#### WORK ITEM:
Your copy should hold exactly the lines from the one containing "帕拉格切诺酒店，位于Tirivolo的酒店" through the last line of the entries, and no pictures.

#### INPUT RECORDS:

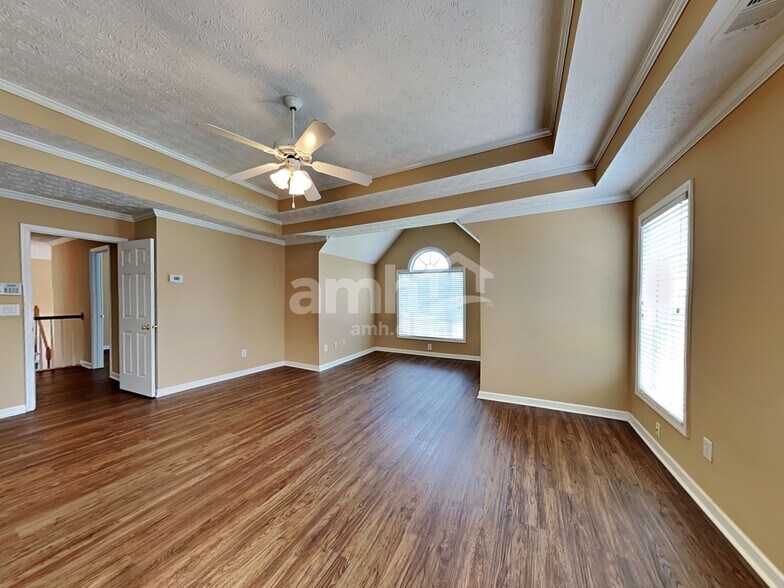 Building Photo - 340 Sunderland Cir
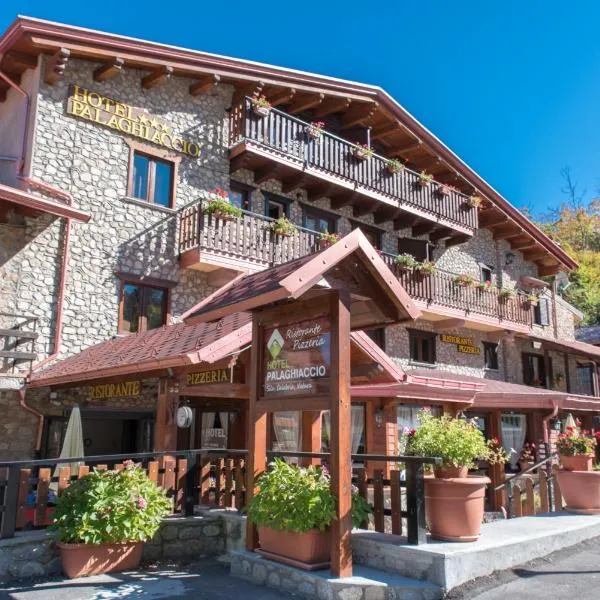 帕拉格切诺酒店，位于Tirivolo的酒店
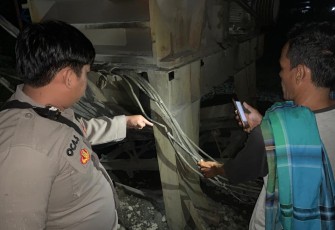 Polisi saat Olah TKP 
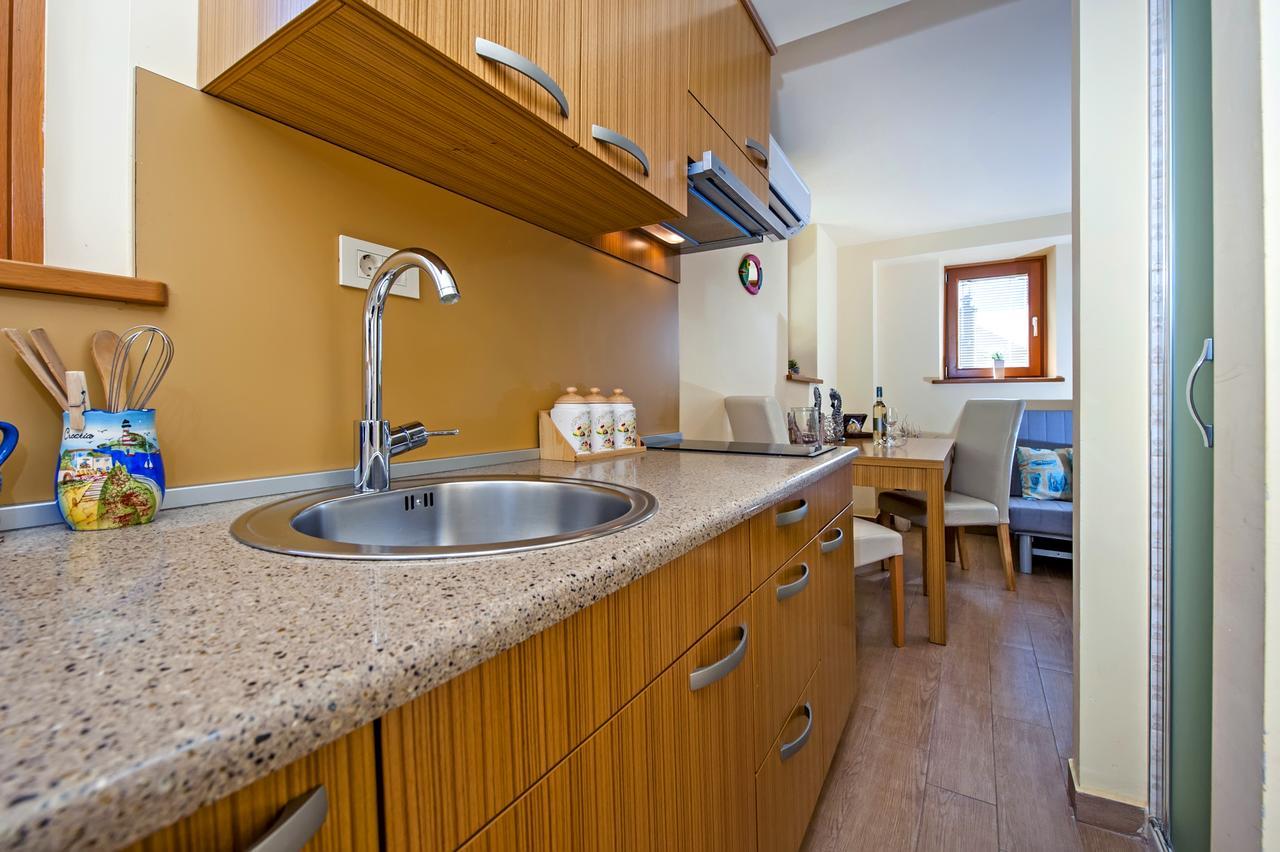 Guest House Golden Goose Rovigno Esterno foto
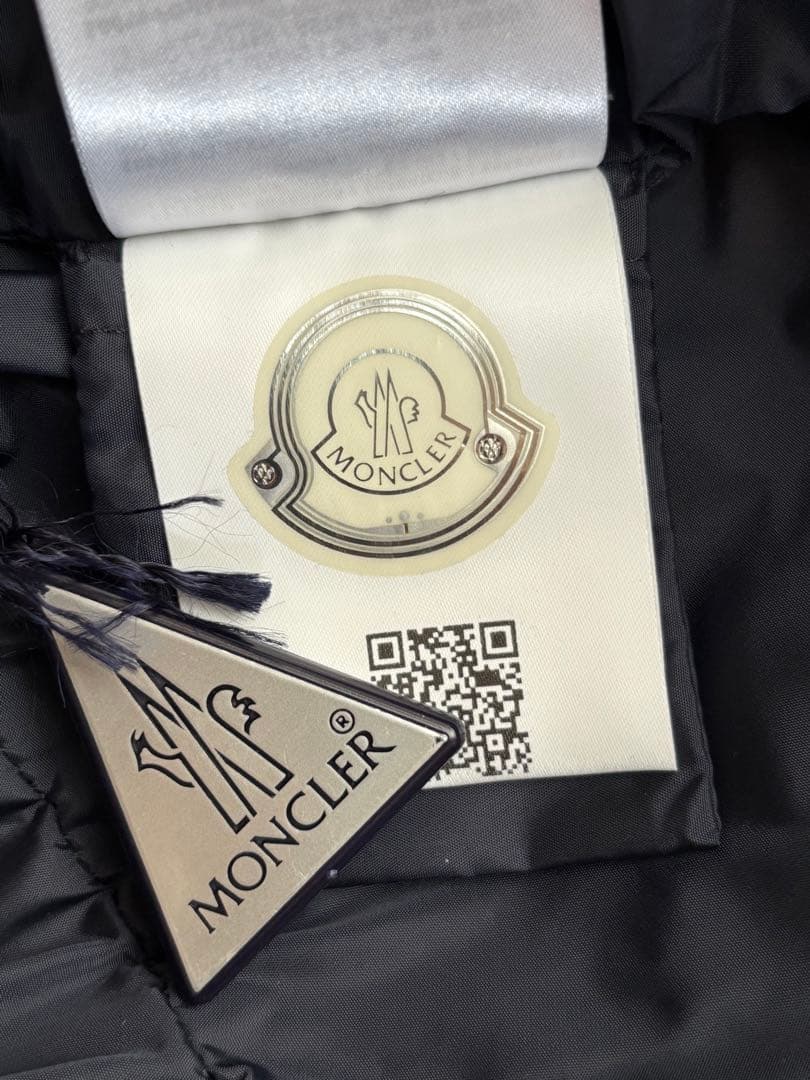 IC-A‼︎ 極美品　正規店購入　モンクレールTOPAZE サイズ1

#### OUTPUT:
 帕拉格切诺酒店，位于Tirivolo的酒店
 Polisi saat Olah TKP 
 Guest House Golden Goose Rovigno Esterno foto
 IC-A‼︎ 極美品　正規店購入　モンクレールTOPAZE サイズ1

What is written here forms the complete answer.